On Monday we set out for Children's Hospital, three months has flown by and it was time for our Hem/Onc clinic appointment. Georgia had assured me that the "inside of her body was happy" and that she didn't need to get a poke, but was brave as always when she showed the phlebotomist which arm to draw from. Georgia told him which color Band-Aid she wanted and asked to "shake" the vials once he was done, she's a pro.
With an hour between her blood draw and our appointment we went to the cafeteria, Georgia said, "I didn't know there was a restaurant here!" We had a bite to eat and headed to the clinic. These days when we arrive at the clinic I see the question running through the minds of the other parents, they see a full head of hair and wonder, are they new? It becomes clearer that we've been here a while when the receptionist remarks at how much Georgia has grown. The questions aren't one sided, I often look at the other children and wonder where they are in treatment and what type of cancer are they battling. The clinic is a familiar place with warm smiles and horrific memories. On this day we saw two nurses who we haven't seen in ages, they both said they wouldn't have recognized Georgia if she hadn't been with me, remarking at how grown up she is.

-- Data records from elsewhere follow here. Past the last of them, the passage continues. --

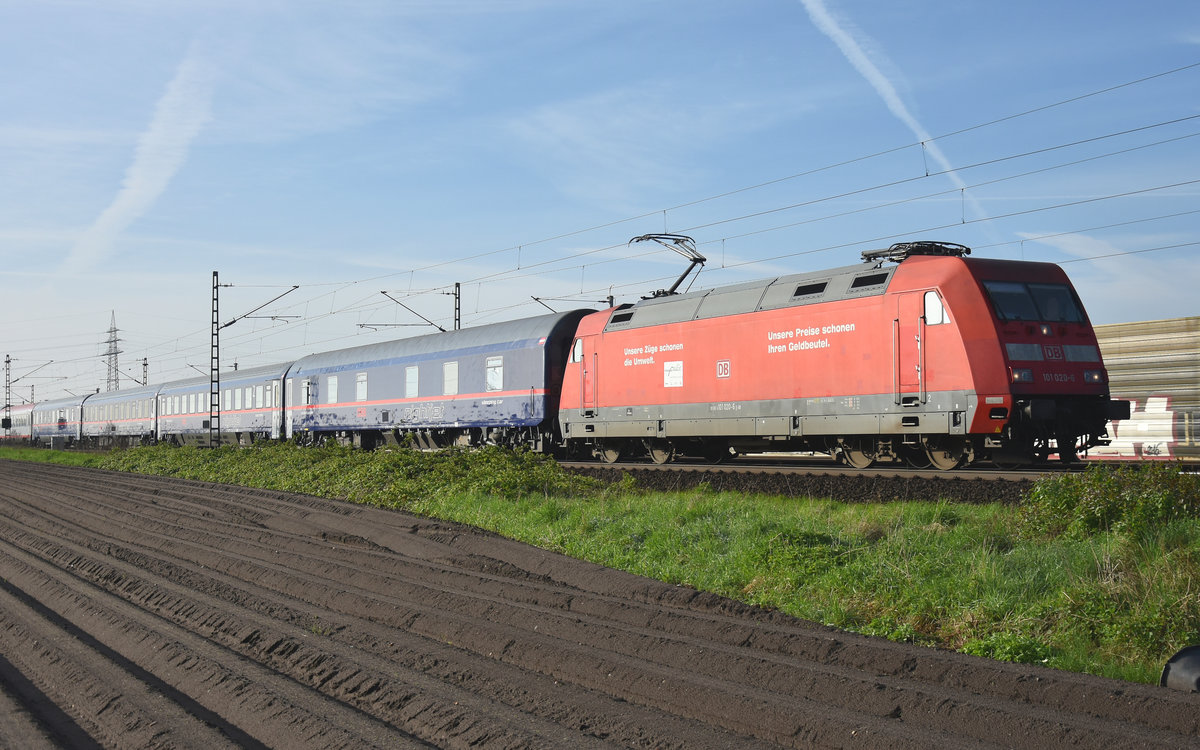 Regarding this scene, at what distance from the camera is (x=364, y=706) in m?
6.93

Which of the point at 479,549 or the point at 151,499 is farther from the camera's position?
the point at 151,499

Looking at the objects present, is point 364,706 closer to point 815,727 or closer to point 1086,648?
point 815,727

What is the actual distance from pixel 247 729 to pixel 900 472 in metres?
12.3

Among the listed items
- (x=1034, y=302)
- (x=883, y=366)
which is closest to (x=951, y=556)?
(x=883, y=366)

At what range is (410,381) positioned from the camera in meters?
32.5

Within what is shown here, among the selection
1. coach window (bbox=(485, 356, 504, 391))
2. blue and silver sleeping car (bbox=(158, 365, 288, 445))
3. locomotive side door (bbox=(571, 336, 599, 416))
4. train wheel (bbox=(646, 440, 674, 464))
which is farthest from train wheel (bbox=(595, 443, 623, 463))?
blue and silver sleeping car (bbox=(158, 365, 288, 445))

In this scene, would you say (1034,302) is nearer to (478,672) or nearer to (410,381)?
(478,672)

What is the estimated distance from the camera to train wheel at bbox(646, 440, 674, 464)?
2300 cm

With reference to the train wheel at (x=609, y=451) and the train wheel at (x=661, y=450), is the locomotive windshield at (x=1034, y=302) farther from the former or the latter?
the train wheel at (x=609, y=451)

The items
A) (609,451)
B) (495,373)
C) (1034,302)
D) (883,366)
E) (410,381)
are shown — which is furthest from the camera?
(410,381)

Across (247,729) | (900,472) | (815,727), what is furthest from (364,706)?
(900,472)

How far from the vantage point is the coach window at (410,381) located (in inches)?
1272

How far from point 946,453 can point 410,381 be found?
63.9ft

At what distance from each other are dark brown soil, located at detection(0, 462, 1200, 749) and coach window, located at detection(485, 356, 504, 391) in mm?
15621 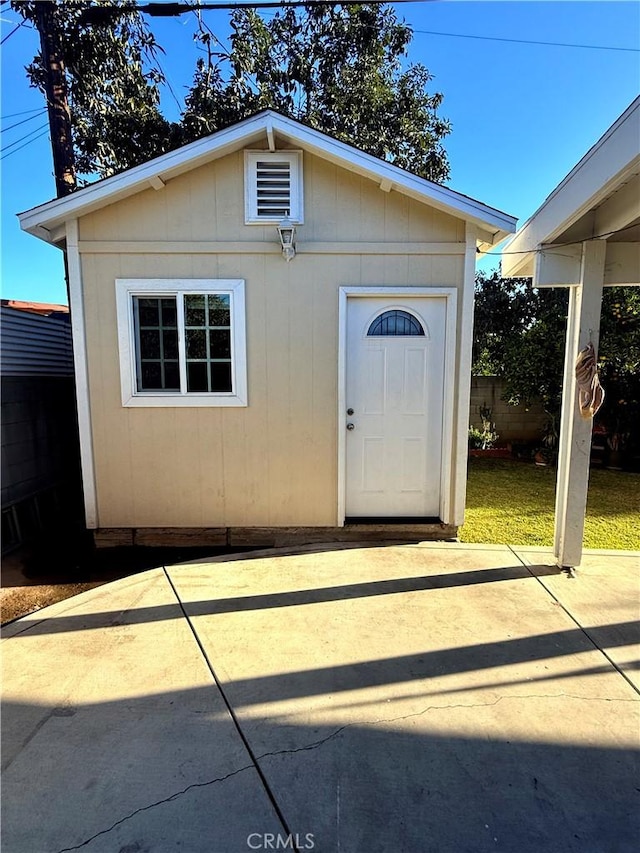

It was finally our turn and we headed to the small room where vitals are taken, she's up two pounds and has grown two centimeters since our last visit. When Dr. Pollard arrived, she opened the door and was all smiles, she said it was such a treat it was to see Georgia. Her labs look good, one was a smidge high but that was explained by a recent immunization. I jokingly asked if we should page her transplant doctor to let him know she'd gotten an immunization, this is a topic that we still don't see eye to eye on.
It was decided that we would see Dr. Pollard again in October then have our first visit with the Access or Survivorship Clinic in January. This new clinic is in the same location, just with a different doctor. We will receive a binder outlining all of the chemotherapies that Georgia received and their potential late term effects. It's these little reminders that the war will never be over in this journey, we will forever be looking for ways that cancer and therefor the cure has impacted her body.
I have seen our journey changing in the last several months, Georgia is older and has more questions. She will never remember the events of the past three years that way I do but she will have her own memories.
A couple of months ago when I was putting Georgia to bed we were chatting about the day, then out of the blue, she asked why she had to get a poke at a different place. She was referring to the SCCA lab when we did her two year post transplant work up a few months prior. I did my best to explain that she has doctors in different places, she asked why, the questions continued, she asked why she had to be in the hospital, I told her, because you had cancer, she then asked, "why?" It was a question that came down like a ton of bricks and a punch in the gut all at the same time. I'll never be able to answer why and I know the questions to come will only be harder to answer as Georgia understands more. Life isn't easy, but then again, no one ever said it would be. For now, I am grateful for the continued healing and growth that is happening, onward and (literally) upward is the only way to go.
Our at home growth chart - she's growing like a weed!